Qualifizierte Rechtsberatung und -vertretung ist wichtig, um sich gegen eine regulierungsunwillige Versicherungswirtschaft durchzusetzen. Einzelheiten von
Dr. D.C.Ciper LLM, Fachanwalt für Medizinrecht:

Landgericht Regensburg vom 06.12.2017
Medizinrecht – Arzthaftungsrecht – Behandlungsfehler:
Fehlgeschlagene Arthroskopie des rechten Knies nach Meniskusschaden, LG Regensburg, Az.: 4 O 610/16

Chronologie:
Die Klägerin begab sich in die Praxis des Beklagten zwecks Arthroskopie des rechten Knies. Behandlungsfehlerhaft wurde aber das linke Knie operiert, das insbesondere keinen Meniskusschaden aufwies.

Verfahren:
Das Landgericht Regensburg hat den Vorfall mittels eines fachorthopädischen unfallchirurgischen Gutachtens hinterfragen lassen. Der Gutachter konstatierte im Ergebnis, dass das falsche Knie operiert wurde. Daraufhin schlug das Gericht den Parteien einen Vergleich über 9.000,- Euro vor. Darüber hinaus muss der Beklagte natürlich auch noch die anteiligen Verfahrenskosten zahlen.

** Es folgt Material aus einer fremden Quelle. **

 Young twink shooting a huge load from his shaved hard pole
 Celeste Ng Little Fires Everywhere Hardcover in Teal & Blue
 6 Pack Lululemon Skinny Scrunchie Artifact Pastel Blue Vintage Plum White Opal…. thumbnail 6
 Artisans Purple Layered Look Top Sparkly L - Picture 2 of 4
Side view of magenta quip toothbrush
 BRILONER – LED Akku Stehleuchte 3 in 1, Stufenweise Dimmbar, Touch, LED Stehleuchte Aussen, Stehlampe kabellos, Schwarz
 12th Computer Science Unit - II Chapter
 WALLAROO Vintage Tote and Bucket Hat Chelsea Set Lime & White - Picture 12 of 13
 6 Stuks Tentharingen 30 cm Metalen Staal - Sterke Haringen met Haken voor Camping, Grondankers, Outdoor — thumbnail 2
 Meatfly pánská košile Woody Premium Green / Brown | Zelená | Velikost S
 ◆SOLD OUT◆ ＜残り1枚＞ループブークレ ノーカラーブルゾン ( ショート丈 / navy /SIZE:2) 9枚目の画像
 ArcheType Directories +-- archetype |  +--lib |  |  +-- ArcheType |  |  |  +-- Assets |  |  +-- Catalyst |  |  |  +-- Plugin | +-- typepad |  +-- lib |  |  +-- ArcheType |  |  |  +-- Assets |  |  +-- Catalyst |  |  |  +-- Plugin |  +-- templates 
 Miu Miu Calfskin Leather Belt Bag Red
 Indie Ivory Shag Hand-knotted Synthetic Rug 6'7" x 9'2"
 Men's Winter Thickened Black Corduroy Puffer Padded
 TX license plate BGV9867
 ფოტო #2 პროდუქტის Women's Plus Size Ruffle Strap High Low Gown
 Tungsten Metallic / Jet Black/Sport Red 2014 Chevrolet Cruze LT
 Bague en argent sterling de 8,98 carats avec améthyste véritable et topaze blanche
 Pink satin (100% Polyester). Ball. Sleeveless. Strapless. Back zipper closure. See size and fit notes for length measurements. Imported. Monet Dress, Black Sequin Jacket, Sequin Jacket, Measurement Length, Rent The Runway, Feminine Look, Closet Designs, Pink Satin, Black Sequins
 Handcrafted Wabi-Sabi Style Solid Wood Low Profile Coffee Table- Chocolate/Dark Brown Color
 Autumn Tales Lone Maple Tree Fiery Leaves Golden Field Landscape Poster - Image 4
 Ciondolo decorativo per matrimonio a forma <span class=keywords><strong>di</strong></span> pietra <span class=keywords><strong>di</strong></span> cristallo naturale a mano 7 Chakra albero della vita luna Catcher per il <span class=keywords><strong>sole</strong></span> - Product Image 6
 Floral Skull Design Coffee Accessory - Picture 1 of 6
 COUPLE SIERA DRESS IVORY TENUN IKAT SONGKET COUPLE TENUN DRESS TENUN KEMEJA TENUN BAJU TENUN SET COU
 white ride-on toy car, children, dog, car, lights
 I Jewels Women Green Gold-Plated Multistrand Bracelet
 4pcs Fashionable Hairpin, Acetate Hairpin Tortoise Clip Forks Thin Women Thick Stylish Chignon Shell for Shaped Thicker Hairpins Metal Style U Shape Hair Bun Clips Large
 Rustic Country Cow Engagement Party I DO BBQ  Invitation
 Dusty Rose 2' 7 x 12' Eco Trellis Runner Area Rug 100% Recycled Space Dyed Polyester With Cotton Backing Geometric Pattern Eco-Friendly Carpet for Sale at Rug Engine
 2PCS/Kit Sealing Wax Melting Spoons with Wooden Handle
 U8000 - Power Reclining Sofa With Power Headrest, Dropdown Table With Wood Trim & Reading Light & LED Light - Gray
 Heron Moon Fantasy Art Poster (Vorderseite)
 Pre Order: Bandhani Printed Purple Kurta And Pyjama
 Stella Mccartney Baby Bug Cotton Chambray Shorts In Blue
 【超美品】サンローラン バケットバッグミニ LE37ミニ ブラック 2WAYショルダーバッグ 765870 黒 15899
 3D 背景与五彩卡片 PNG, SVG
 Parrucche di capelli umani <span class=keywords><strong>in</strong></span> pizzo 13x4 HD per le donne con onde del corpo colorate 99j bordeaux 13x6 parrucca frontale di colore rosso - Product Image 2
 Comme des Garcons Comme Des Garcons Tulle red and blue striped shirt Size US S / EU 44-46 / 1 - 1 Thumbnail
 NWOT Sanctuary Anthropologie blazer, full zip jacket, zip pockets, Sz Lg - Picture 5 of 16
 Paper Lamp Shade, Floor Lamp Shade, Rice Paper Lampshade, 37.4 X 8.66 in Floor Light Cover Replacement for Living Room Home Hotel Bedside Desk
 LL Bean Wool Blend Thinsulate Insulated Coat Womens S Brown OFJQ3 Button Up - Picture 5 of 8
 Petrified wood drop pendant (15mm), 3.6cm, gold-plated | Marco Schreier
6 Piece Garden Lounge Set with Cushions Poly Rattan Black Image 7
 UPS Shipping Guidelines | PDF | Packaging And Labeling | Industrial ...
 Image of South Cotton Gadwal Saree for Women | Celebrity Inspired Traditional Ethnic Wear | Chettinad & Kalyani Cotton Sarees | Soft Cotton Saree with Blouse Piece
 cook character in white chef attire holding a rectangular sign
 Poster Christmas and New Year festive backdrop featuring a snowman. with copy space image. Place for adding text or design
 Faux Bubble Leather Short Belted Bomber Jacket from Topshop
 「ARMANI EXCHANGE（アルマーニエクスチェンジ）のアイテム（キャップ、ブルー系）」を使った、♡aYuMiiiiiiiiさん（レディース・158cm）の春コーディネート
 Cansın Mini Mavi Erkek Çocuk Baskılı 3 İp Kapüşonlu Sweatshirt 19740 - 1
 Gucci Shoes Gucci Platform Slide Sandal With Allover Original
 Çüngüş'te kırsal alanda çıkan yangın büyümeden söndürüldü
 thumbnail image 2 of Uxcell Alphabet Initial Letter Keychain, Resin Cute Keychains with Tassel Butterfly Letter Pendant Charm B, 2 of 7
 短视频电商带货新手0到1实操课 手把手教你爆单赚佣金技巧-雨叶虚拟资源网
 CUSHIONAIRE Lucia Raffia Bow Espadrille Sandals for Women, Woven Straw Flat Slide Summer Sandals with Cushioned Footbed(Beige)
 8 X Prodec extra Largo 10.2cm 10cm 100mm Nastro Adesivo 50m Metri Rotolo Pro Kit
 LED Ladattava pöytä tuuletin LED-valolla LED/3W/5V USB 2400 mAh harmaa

Anmerkungen von Ciper & Coll.:
Bemerkenswert ist in dieser Sache u.a., dass der Versicherer des Beklagten, die Bayerische Versicherungskammer, trotz der eindeutigen Sachlage nicht vorgerichtlich regulieren wollte. Die Zusatzkosten gehen nun zu Lasten der Versicherungsgemeinschaft, stellen Rechtsanwältin Irene Rist und Rechtsanwalt Dr. D.C. Ciper LLM heraus.